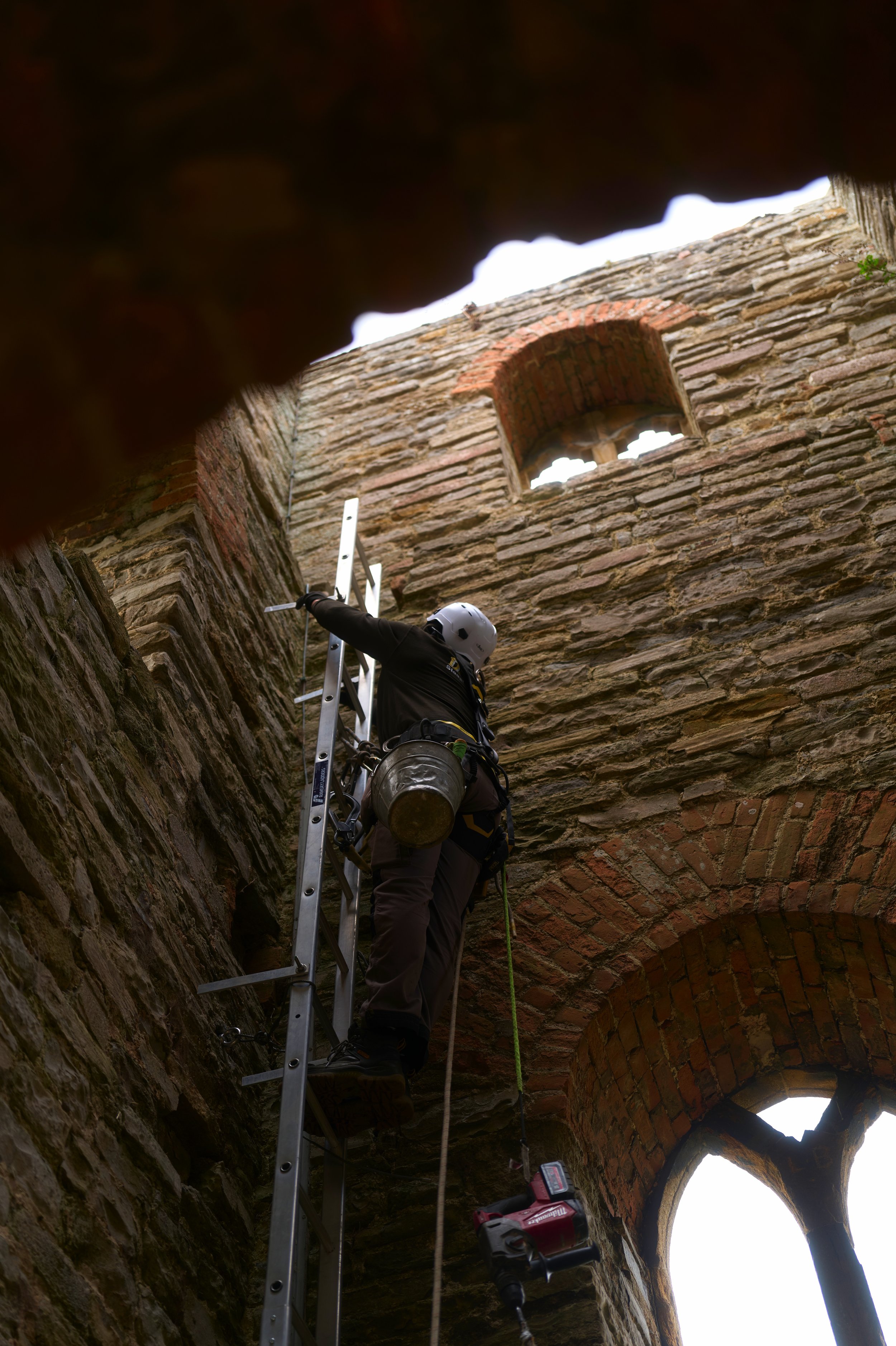 A worker standing on a ladder and inspecting the brick and stone structure of a historic building in daylight. The worker is wearing a safety helmet and harness, with tools nearby.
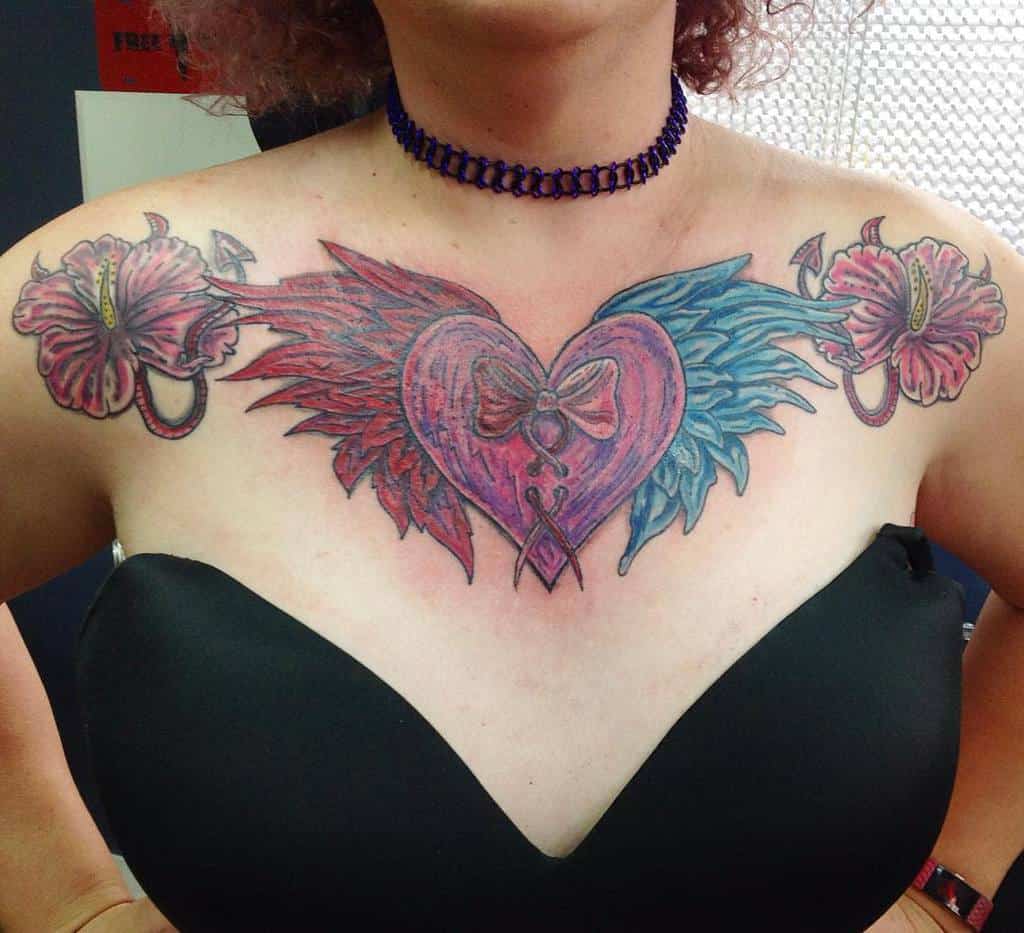 Heart With Wings Chest Tattoo mansruintattoo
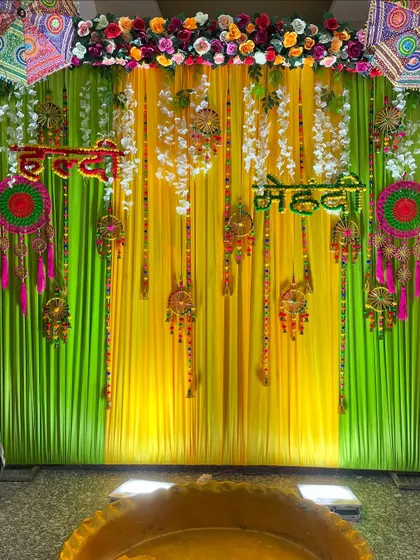 A detailed shot of the upper portion of the Haldi-Mehendi backdrop, highlighting the floral border, embroidered umbrellas, and hanging decorations.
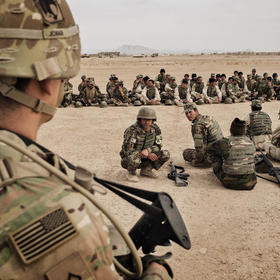 U.S. Army soldiers oversee training of the 215th Corps of the Afghan National Army at Camp Bastion in Helmand Province, Afghanistan on March 22, 2016. (Adam Ferguson/The New York Times)
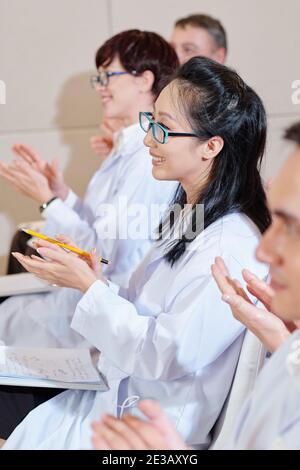 Young smiling scientists in labcoats applauding to speaker at medical conference Stock Photo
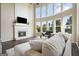 Bright living room featuring soaring windows, a fireplace, and comfortable seating at 6665 Flagstone Ct # 918, Cumming, GA 30028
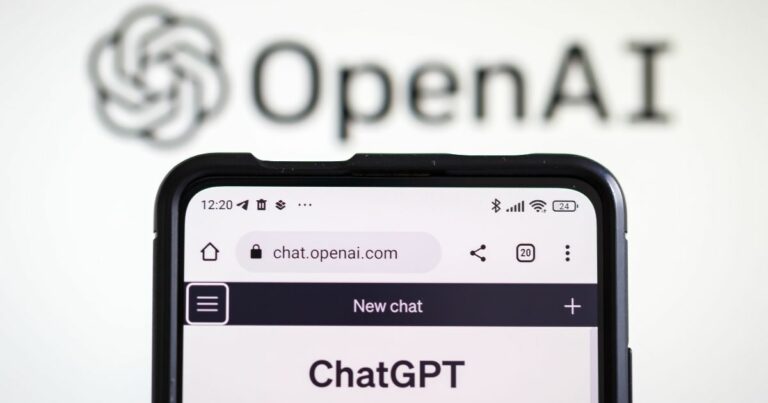 A imagem mostra um smartphone exibindo a página chat.openai.com, com a interface do ChatGPT aberta e o título “New chat” visível na parte superior. O dispositivo está em primeiro plano, com detalhes como ícones de bateria, sinal e hora na barra superior. Ao fundo, desfocado, aparece o logotipo da OpenAI, composto pelo nome “OpenAI” em letras pretas e o símbolo característico da marca. A composição sugere um contexto relacionado a inteligência artificial e tecnologia, destacando a integração entre dispositivos móveis e plataformas de IA.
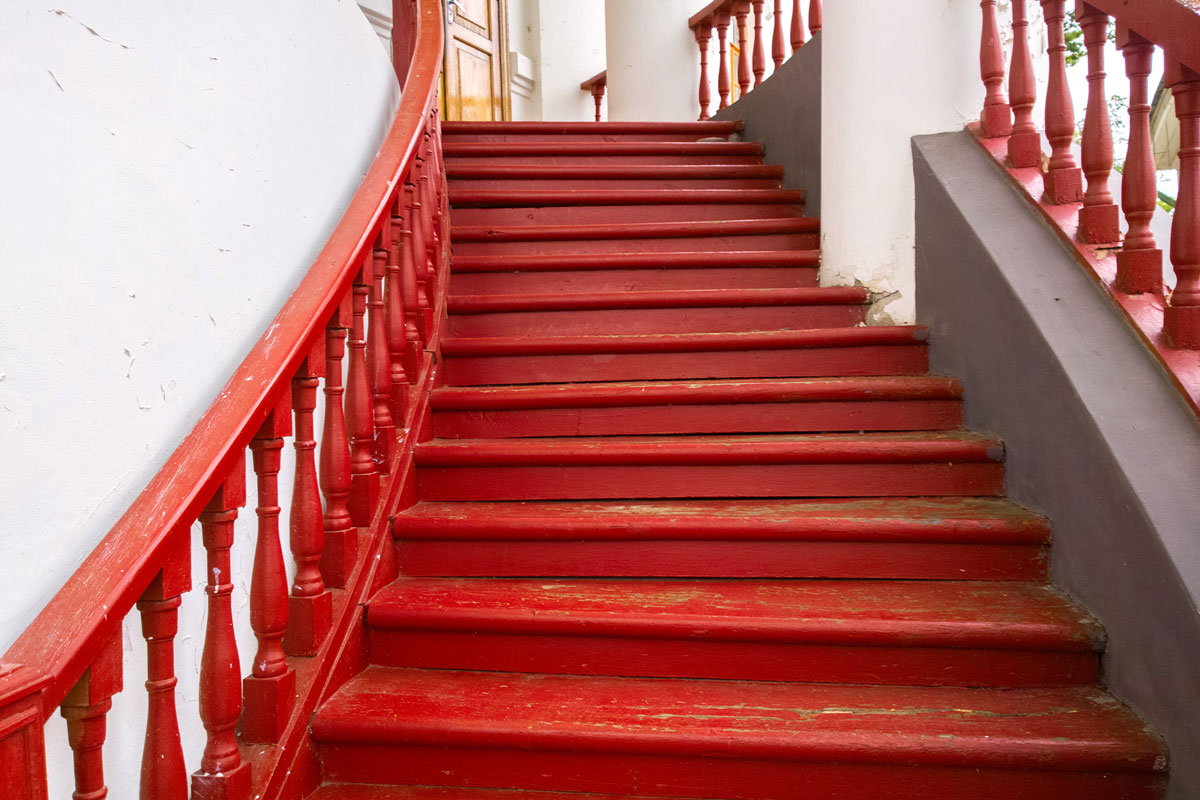 Red painting stairs and stair railing inside a white mansion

- **EXERCISE DESCRIPTION**
Print the entries as they stand, first line through the line holding "Heart With Wings Chest Tattoo mansruintattoo", with every picture removed.

- **SOLUTION TO THIS EXERCISE**
 A worker standing on a ladder and inspecting the brick and stone structure of a historic building in daylight. The worker is wearing a safety helmet and harness, with tools nearby.
 Heart With Wings Chest Tattoo mansruintattoo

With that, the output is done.